Mr Zhao records that Ms Gu discussed her new murder plot with Police Chief Wang on the afternoon of 13 November.
The poisoned drink was entrusted to her aide, Mr Zhang, to bring to the hotel, the court official said in his statement. Ms Gu ordered her driver to buy a bottle of whisky, writes Mr Zhao.
At their meeting in a villa of the Nanshan Lijing Holiday Hotel, Mr Heywood and Ms Gu drank the whisky, sources concur.
Mr Heywood got drunk and became ill, whereupon Ms Gu phoned for Mr Zhang to come into the villa, the Post's source says.
"When Zhang entered, Heywood, who had fallen down, vomited, soiling Zhang's shirt, and then Heywood asked for water," the source says, quoting the prosecution.
"Zhang helped Heywood into bed, Gu poured the poison mixed with water into his mouth and they left."
In his version of the evidence presented to the court, Mr Zhao writes: "Neil Heywood, thrown up, barely conscious.
"Zhang Xiaojun entered the room, gave the bottle of poison to Gu Kailai, and helped Neil Heywood into bed from the toilet.
"As Neil Heywood asked for water, Gu Kailai fed him with the poison. Then she sprayed some drugs in the room so that people might think Neil Heywood was a drug trafficker."
When Ms Gu and Mr Zhang had established Mr Heywood no longer had a pulse, they left the room, hung a "do not disturb" sign and told [officials] at the hotel that he was drunk," Mr Zhao adds.

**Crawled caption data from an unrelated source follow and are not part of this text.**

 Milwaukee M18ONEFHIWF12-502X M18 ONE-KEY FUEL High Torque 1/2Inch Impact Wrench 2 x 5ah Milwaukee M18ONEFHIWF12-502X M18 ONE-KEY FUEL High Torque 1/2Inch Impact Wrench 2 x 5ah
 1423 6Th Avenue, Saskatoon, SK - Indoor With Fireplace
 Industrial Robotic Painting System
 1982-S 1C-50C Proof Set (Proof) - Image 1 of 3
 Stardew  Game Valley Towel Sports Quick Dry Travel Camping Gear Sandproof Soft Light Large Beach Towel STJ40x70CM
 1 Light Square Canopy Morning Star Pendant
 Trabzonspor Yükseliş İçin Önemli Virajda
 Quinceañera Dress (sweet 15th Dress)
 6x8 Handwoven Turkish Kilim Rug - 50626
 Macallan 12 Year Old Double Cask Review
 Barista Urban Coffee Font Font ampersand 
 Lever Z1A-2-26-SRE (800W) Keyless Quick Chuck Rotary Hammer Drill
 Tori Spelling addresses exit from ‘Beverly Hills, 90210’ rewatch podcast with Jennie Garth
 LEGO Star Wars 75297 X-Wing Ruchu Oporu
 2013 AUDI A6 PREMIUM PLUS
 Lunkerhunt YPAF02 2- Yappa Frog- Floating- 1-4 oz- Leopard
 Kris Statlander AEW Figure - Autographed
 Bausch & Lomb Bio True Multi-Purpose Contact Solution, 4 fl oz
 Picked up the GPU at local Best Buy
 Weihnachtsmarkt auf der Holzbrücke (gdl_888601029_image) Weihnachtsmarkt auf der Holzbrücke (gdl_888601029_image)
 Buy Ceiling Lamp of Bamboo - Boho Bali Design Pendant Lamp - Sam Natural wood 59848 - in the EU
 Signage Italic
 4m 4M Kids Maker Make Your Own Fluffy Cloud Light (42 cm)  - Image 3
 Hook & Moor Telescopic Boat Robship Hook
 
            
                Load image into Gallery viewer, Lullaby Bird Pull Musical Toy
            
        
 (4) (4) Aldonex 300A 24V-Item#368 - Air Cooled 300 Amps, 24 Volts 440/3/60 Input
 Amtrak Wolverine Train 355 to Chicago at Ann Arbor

According to the court official who briefed reporters after the trial, both Ms Gu and Mr Zhang "did not raise objections to the accusations of intentional homicide".
Both Mr Zhao and the Washington Post's source say Ms Gu confessed to Mr Wang the day after the murder, 14 November.
The Chongqing police chief is said to have secretly recorded their conversation.
Mr Heywood's body was not discovered by hotel staff until 15 November, when they called the police, Mr Zhao records. The police chief, he writes, ordered forensic evidence to be gathered.
However, no action appears to have been taken against Ms Gu until April.
By that time Mr Wang had fallen out with Bo Xilai and had been arrested by Chinese security agents after contacting a US consulate in an apparent attempt to expose the cover-up of the murder.
Investigators initially concluded that Mr Heywood had died of a heart attack and no post-mortem examination was performed on his body, which was cremated.
However, blood samples were taken from his heart, the Post's courtroom observer quotes the prosecution as saying.
Police laboratories in Chongqing tested the blood twice for traces of poison but the results were negative, the prosecution reportedly said.
However, a scientist from China's ministry of public security told the trial he had tested the blood again in April and his analysis had confirmed the presence of poison, the Washington Post's source records.